Nüsslein-Volhard ist keine Hardcore-Feministin. Sie glaubt, die Frauenquote sei einst sinnvoll gewesen, man solle jetzt aber «vorsichtig sein, sonst kommt es zur Männerdiskriminierung».
Wüthrich fühlt sich diskriminiert
Genau darin findet sich Wüthrich wieder. «Als männlicher Wissenschaftler verspüre ich das Gefühl der Diskriminierung, wenn ich hier bin», sagt er – obwohl er zusammen mit drei älteren Männern auf der Bühne sitzt.
Daraufhin meldet sich eine junge Wissenschaftlerin. «Als weibliche Forscherin ist es sehr unangenehm, einem Nobelpreisträger zuzuhören, der sich über ‹männliche Diskriminierung› aufregt», sagt sie. Die Situation eskaliert danach, weil der Moderator die Frau abklemmen will und diese sich wehrt.
Wissenschaft ist wenig divers
«Es gibt möglicherweise individuelle Diskriminierung gegen Männer, aber es ist nichts im Vergleich zur systematischen strukturellen Diskriminierung der Frauen begegnen», stellt die Forscherin klar. Besonders sei dies in technischen und naturwissenschaftlichen Fächern der Fall.

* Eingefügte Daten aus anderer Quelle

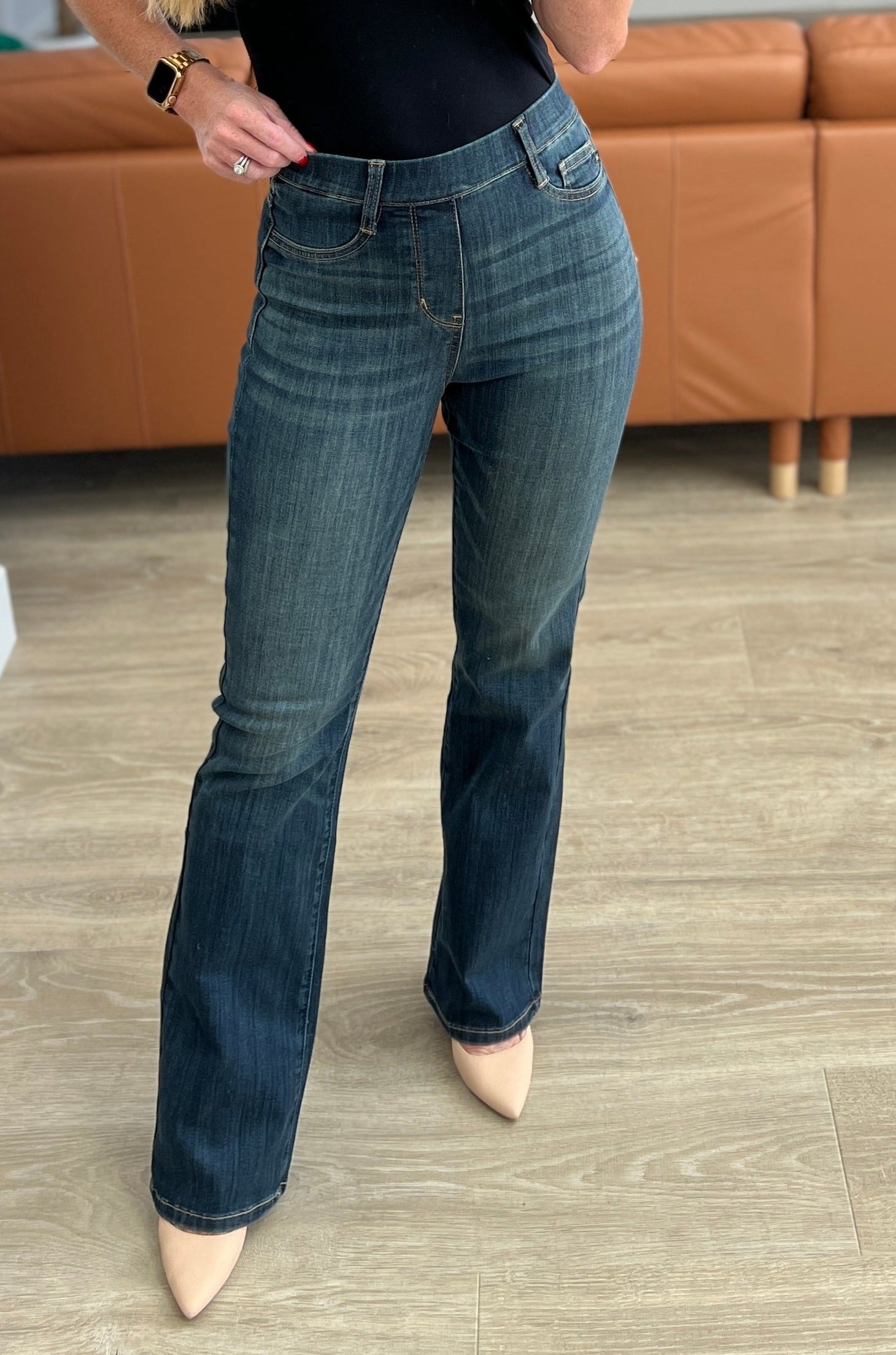 High Rise Pull On Slim Bootcut Judy Blue Jeans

Darauf erntet sie Applaus.
Die Kluft zwischen männlichen und weiblichen Preisträgern ist tatsächlich riesig. Nur 60 Wissenschaftlerinnen haben einen Nobelpreis gewonnen, während 892 Männer den Preis absahnten. Auch heute noch werden Frauen nur selten als Mitautorinnen in Publikationen erwähnt, wie «Forschung und Lehre» Ende Juni schreibt.
Veranstalter prüfen Bruch von Verhaltenskodex
Gegenüber dem Wissenschaftsmagazin «Science» erklärt Wüthrich später, dass er sich nicht als Individuum benachteiligt gefühlt habe, sondern als Mann. Etwa, als die Wissenschaftlerinnen für ein Gruppenfoto gebeten wurden, nach vorne zu treten. «Ich würde mich schrecklich fühlen, auf diese Weise präsentiert zu werden», schimpft der Schweizer. «Es war lächerlich, völlig lächerlich.» Dadurch würde man Männer diskriminieren und Frauen glorifizieren.

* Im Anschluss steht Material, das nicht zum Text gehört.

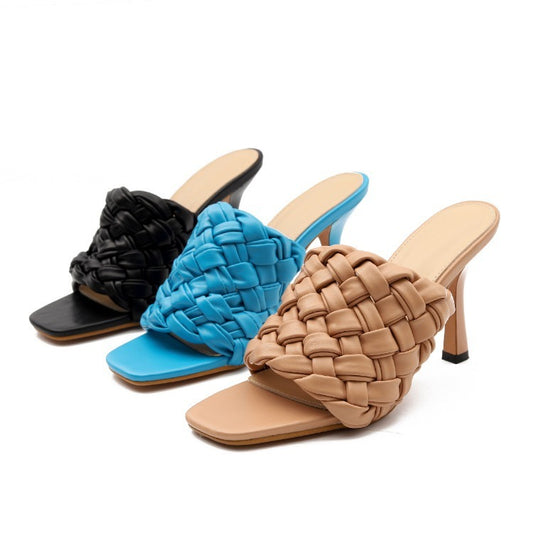 European And American Hand-woven High-heel Slippers With Square Toe Stiletto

Wüthrichs Aussagen hinterlassen nicht nur bei jungen Frauen einen bitteren Nachgeschmack. Die Organisatoren der Lindauer Wissenschaftskonferenz ermitteln derzeit, ob der Nobelpreisträger gegen den Verhaltenskodex der Versammlung verstossen hat. Denn «verbale Äusserungen und nonverbale Handlungen, die herabwürdigend sind oder gesellschaftliche Herrschaftsstrukturen in Bezug auf das Geschlecht stärken» sind auf der Bühne verboten.